Nella “battaglia” tra Napolitano e la Procura di Palermo si passa ai fatti: è stato depositato alla Corte Costituzionale il ricorso predisposto dall’Avvocatura dello Stato a nome della Presidenza della Repubblica che ha sollevato conflitto di attribuzione contro i pm palermitani. La vicenda è quella delle intercettazioni telefoniche disposte dai pm che indagano sulla presunta trattativa Stato-mafia, sull’utenza di uno degli imputati, l’ex ministro Nicola Mancino, accusato di falsa testimonianza.

Secondo l’accusa, Mancino avrebbe fatto pressioni e manifestato preoccupazioni per la sua posizione nell’inchiesta. Le sue telefonate sono arrivate anche al Colle: a Loris D’Ambrosio, consulente giuridico del Quirinale morto pochi giorni fa. E, in almeno un’occasione, allo stesso Giorgio Napolitano. Telefonate intercettate in via indiretta, perchè l’utenza di Mancino era stata messa sotto controllo. E se il contenuto delle conversazioni Mancino-Napolitano non è noto, la notizia dei colloqui tra i due è finita sui giornali, aprendo mille polemiche e un conflitto di fronte alla Consulta promosso dal Capo dello Stato che ha ritenuto lese le sue prerogative. Nel ricorso predisposto dall’Avvocatura dello Stato si ritiene innanzitutto violato l’art. 90 della Costituzione, in base al quale il Capo dello Stato non è responsabile degli atti compiuti nell’esercizio delle sue funzioni, tranne che per alto tradimento o per attentato alla Costituzione.

C’è poi da considerare la legge 219 del 1989 che all’articolo 7 stabilisce che nei confronti del Presidente della Repubblica non possono essere eseguite intercettazioni se non dopo che la Consulta lo abbia sospeso dalla carica. Questa legge non distingue tra intercettazioni dirette e indirette: ma l’intenzione del legislatore – secondo vari giuristi – era di vietare tout court che il Capo dello Stato fosse intercettato.

Un altro presupposto normativo che potrebbe pesare è dato dall’articolo 271 del codice di procedura penale, che stabilisce i casi in cui le intercettazioni non possono essere utilizzate: per esempio quelle tra confessore e confessato o tra avvocato e indagato – per citare alcuni esempi – “quando hanno a oggetto fatti conosciuti per ragione del loro ministero, ufficio o professione”. In questi casi il giudice dispone la distruzione delle intercettazioni, “salvo che costituisca corpo del reato”. Per il Presidente della Repubblica, solo alto tradimento o attentato alla Costituzione: ma in casi di questo genere, le intercettazioni vanno trasmesse alle Camere.
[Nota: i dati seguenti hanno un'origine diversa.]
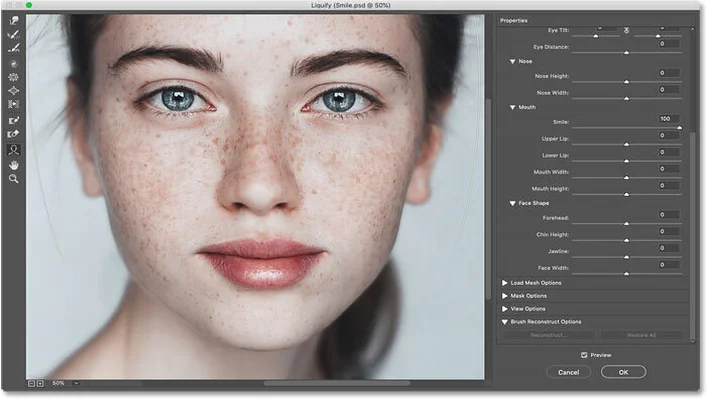 What Is the Photoshop Smile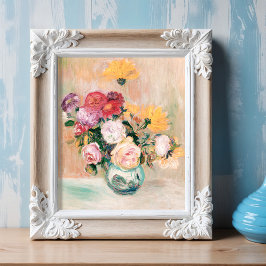 Vas i Ro och Dahlias, Renoir Poster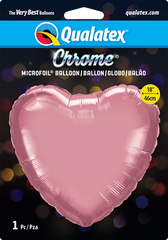 Heart Chrome® Mauve (Helium) - 18 Inches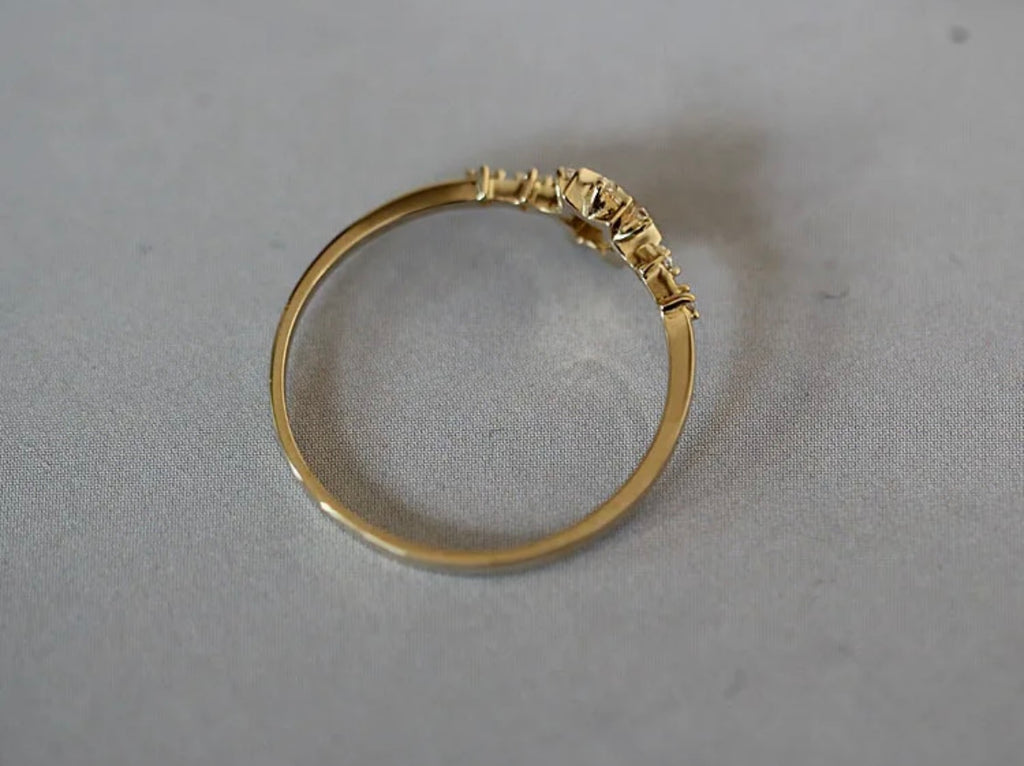 La bague de flocon de neige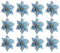 12pcs Weihnachten Glitzer Weihnachtsstern Blumen Baum dekorative Blume Hochzeit Ornament 13cm Blau künstliche Weihnachtsblumen Hochzeit Weihnachtsbaum Neujahr Ornamente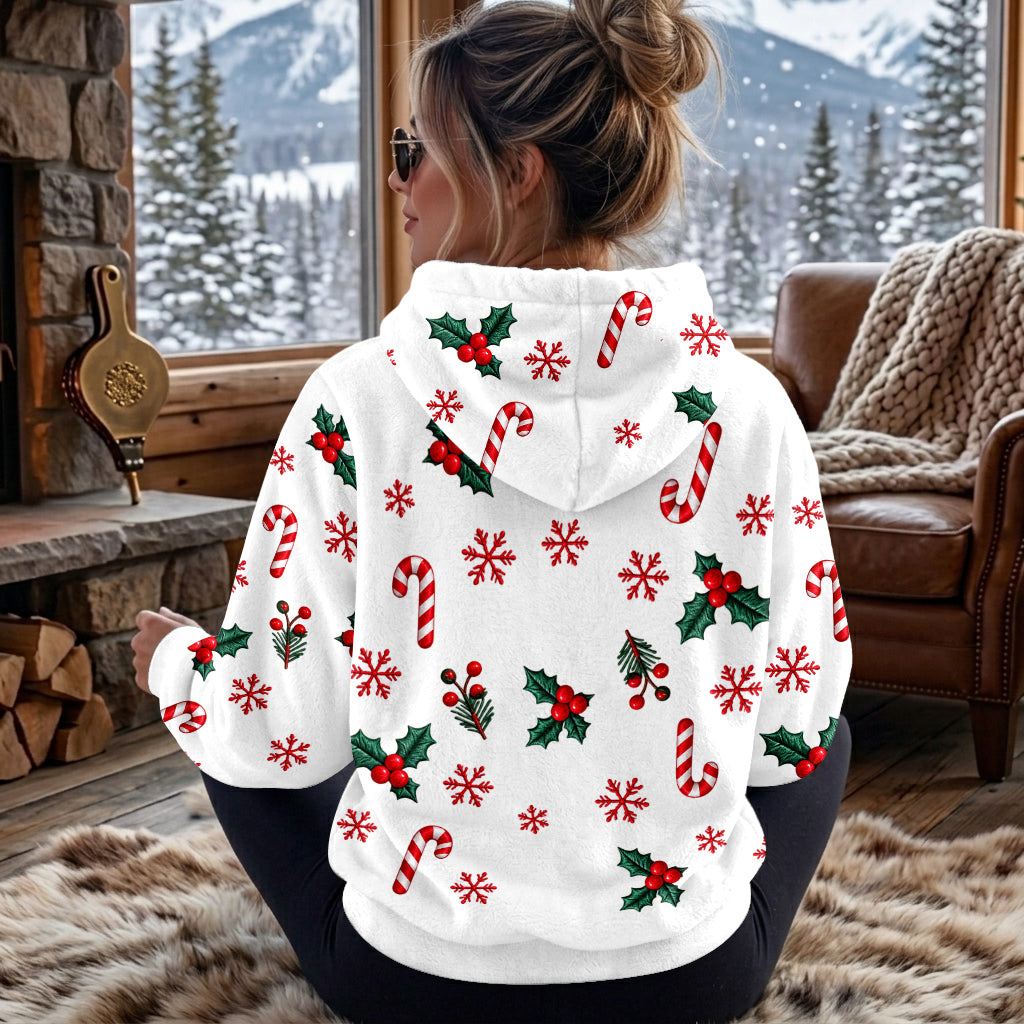 Merry Christmas - Personalized Nightmare Fleece Hoodie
Ci si può chiedere quindi – e presumibilmente se lo è chiesto anche l’Avvocatura dello Stato – se per le conversazioni di un Presidente della Repubblica, seppure captate in via indiretta, possano valere garanzie minori rispetto a quelle fissate dall’articolo 271 del codice di procedura penale per un avvocato o un confessore. O, su un altro piano, tutele minori di quelle garantite a un parlamentare indagato, per il quale serve il via libera della Camera d’appartenenza.

La tesi della Procura di Palermo poggia, invece, sull’articolo 268 del codice di procedura penale, secondo cui il gip dispone l’acquisizione delle intercettazioni che “non appaiano manifestamente irrilevanti” e, “procedendo anche d’ufficio”, decide lo stralcio del materiale di cui è vietato l’utilizzo tramite la cosiddetta “udienza filtro”, a cui pm e difensori hanno il diritto di partecipare.
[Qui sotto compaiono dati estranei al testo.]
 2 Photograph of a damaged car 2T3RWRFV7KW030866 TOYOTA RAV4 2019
Questo però, se applicato alle conversazioni di Napolitano, mette in campo una serie di implicazioni: una valutazione di rilevanza applicata alle parole del Capo dello Stato, la possibilità che il contenuto delle intercettazioni possa essere reso pubblico, e ancora l’ipotesi che il giudice possa ritenere rilevanti le conversazioni intercettate e non ne disponga la distruzione.

L’interrogativo di fondo, in sostanza, è uno: si può utilizzare l’intercettazione, anche indiretta, del Capo dello Stato, come una qualsiasi altra intercettazione? C’è chi ritiene che, se così fosse, verrebbe violato anche il principio di uguaglianza, che come ha stabilito la stessa Corte Costituzionale, prevede l’applicazione di un criterio di ragionevolezza, per cui le stesse disposizioni di legge devono essere adeguate o congruenti alle finalità della legge.

Ora la parola passa alla Consulta, che dovrà in primo luogo stabilire se il ricorso è ammissibile o meno. Al momento non ci sono udienze pubbliche fino a metà settembre e quasi certamente nulla verrà deciso prima di quella data. Quanto alla Procura di Palermo, può decidere di non costituirsi in giudizio, di difendersi personalmente attraverso il procuratore Francesco Messineo assistito dai suoi sostituti, o di affidare la difesa a un legale.